Модернизм – особый метод сопротивления новому содержанию в искусстве, прием создания культуры, в которой перевернуто отношение между новым и старым. Необходимый и законный процесс ломки и искания новых форм, соответствующих глубине и резкости исторических перемен, превращается в модернизм, когда буржуазии удается овладеть этим процессом и подчинить его себе – подчинить идеям, входящим в число условий существования капитализма1. Но отказываться от плодов художественной ломки на том основании, что ими злоупотребил модернизм, столь же неразумно, как отказываться от плодов научно-технической революции на том основании, что буржуазия воспользовалась ими в своей неудержимой жажде наживы.

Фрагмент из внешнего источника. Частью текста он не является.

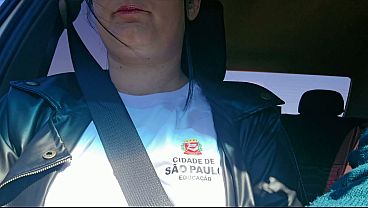 ALUNA PEGA CARONA COM PROFESSOR E DA O CU NO CARRO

Истинное значение новых форм, родившихся по требованию Времени, необходимо отличать от их роли в модернистском искусстве, от их деградации в модернизме. Отличение – это не результат умозрительного теоретизирования, оно осуществляется художественным развитием. Извращение модернизма в том, что новые формы не открывают, а загораживают дорогу потоку новых идей, новых исторических смыслов и целей. Такая противоестественная функция самоубийственна для самих форм. Но, сливаясь с прогрессивно гуманным содержанием, эти формы показывают, на что они способны. Раньше, чем вынести приговор форме, задохнувшейся в модернизме, нужно спросить себя: не усвоена ли она классическим, в частности, и в особенности – реалистическим современным искусством и не оказалась ли она там на своем месте. Ответ на последний вопрос дает практически достаточные критерии для ее эстетической оценки.

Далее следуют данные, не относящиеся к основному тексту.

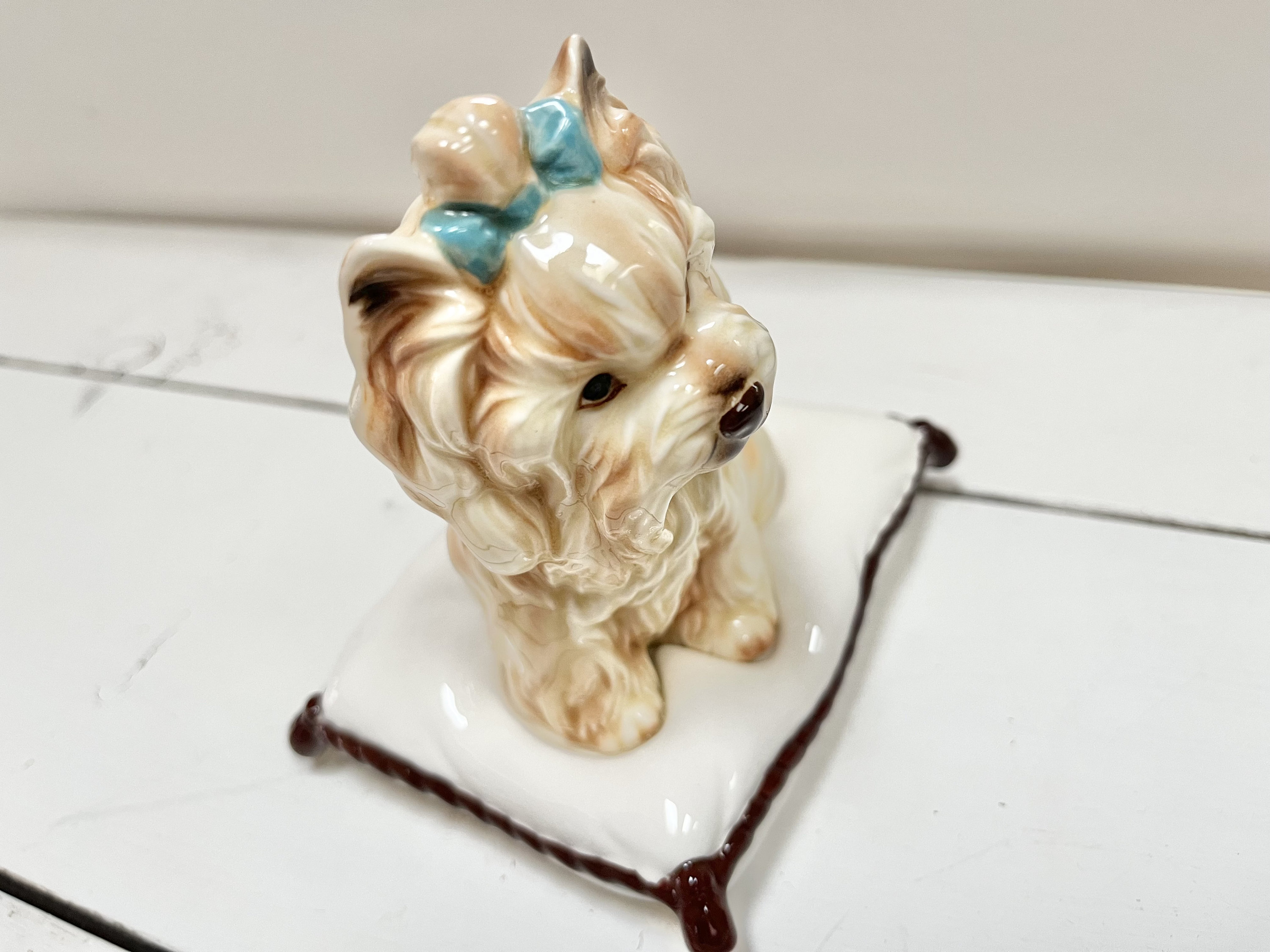 陶器のヨークシャーテリアの置物：枕の上の艶出し加工された子犬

Вывод этот относится не только к формам крупным, выполняющим значительную художественную работу (например, «поток сознания», экспрессионистическая деформация, ассоциативный тип образности – о них мы будем говорить дальше), но также к второстепенным и даже «энстепенным» по своему значению формам – приемам.

Модернизм отрывает частную, лишь для особого содержания действительную, форму от сферы ее применимости и возводит ее в принцип замкнутого стиля. Таков один из важнейших и постоянных элементов в художественной софистике модернизма. Чем меньше значение и возможности данного частного приема, тем губительнее последствия его универсализации, тем грубее и разрушительнее насилие над художественным содержанием. Куча наваленных друг на друга велосипедов в роли художественного творения – это даже не агония искусства: покойник лежит смирно и видом своим приводит в ужас даже испытанных в неожиданностях, закаленных западных теоретиков модернизма.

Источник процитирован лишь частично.